投稿日時 : 2023/02/15 17:30

「1200ユーロの年金? 自身の発言で困るオリヴィエ・ヴェラン(政府報道官)」
仏版Huffpostのウェブサイトより。

もう1ヶ月以上もフランスで大騒ぎの年金制度改革問題。今月から始まっているフランス議会でのやりとりも、「幼稚園児の喧嘩」、「屋外のデモ」などのレベルと評されたりもするほど、ヤジや暴言で、議論にはほど遠い場面ばかりがメディアでは取り上げられている。

そもそも、年金制度自体が複雑で、フランスは特に現行の年金制度も複雑な上に、それをさらに簡略化、合理化するという目的の改革案ですら、かなりわかりづらい。受給開始年齢を現行の62歳から64歳に引き上げる、というポイントだけがクローズアップされているが、実際の法案はわかりづらい。

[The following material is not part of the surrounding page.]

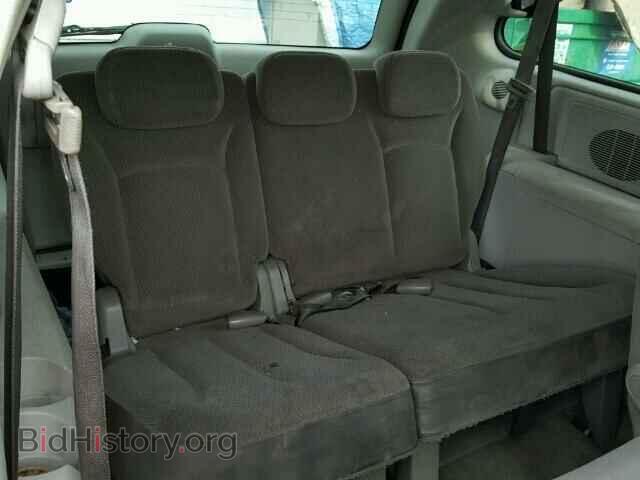 2007 DODGE CARAVAN - VIN: 2D4GP44L77R208384 - Фото 9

ごく簡単にいうと、64歳からというのは、厳密には、43年分の保険料を支払ったらということで、1年分とはさらには厳密には3ヶ月単位の納入期間を4回とカウントされる。ここで、女性の妊娠期間や、きつい職種、さらには障害者などはこのカウントの原則から控除が適用されるし、逆に20歳以前から働き始めた場合も問題になる。これまでのフランスの年金制度は、この例外が余りにも多いのが問題だったりした。これまでの組合側の反対運動なども、この受給開始年齢を主な攻撃ポイントとしていたが、これがわかりやすいポイントという事もあった。単純に言えば、今よりも2年長く働かなければならないという理解で、毎年バカンスに出かけたいフランス人にとってはわかりやすい。そこから派生して、女性の場合のカウントの仕方とか、若いときから働いた場合、「きつい職種」などの例外措置について、問題にされていた。

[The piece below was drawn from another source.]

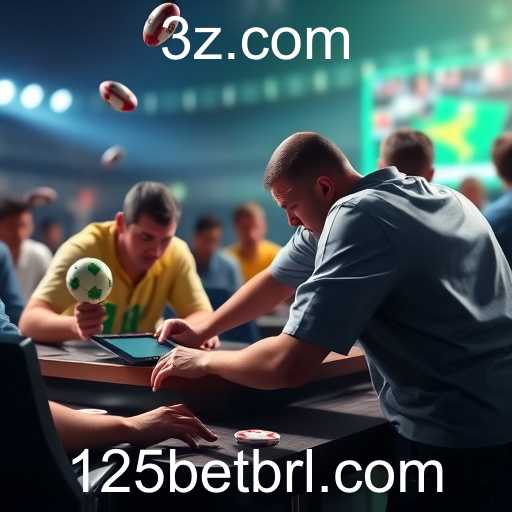 Expansão do 125bet no Mercado Brasileiro de Jogos Online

ところが、今回の年金制度改革案は、そもそも多くのポイントがあり、先週末から取り上げられ始めたのが、政府が提案していた「最低年金額は月1200ユーロ」という触れ込み。あたかも、全ての人が最低この金額をもらえると捉えられるような言い方をしていたのだが、ここにも落とし穴があり、実際は、「満期で、最低賃金の給与を得ていた場合」という条件付きだという。これは法案では明確にはされていなく、曖昧にされていたが、メディアなどの追求もあって明らかになってきた。

若いときから長期に働いている場合や、女性などについても、政府の改革案では曖昧なところがあり、さらに問題になってくる可能性も大いにあるという。

明日もデモが予定されており、今週末でいったん終わる国会本会議の審議も進んでいない。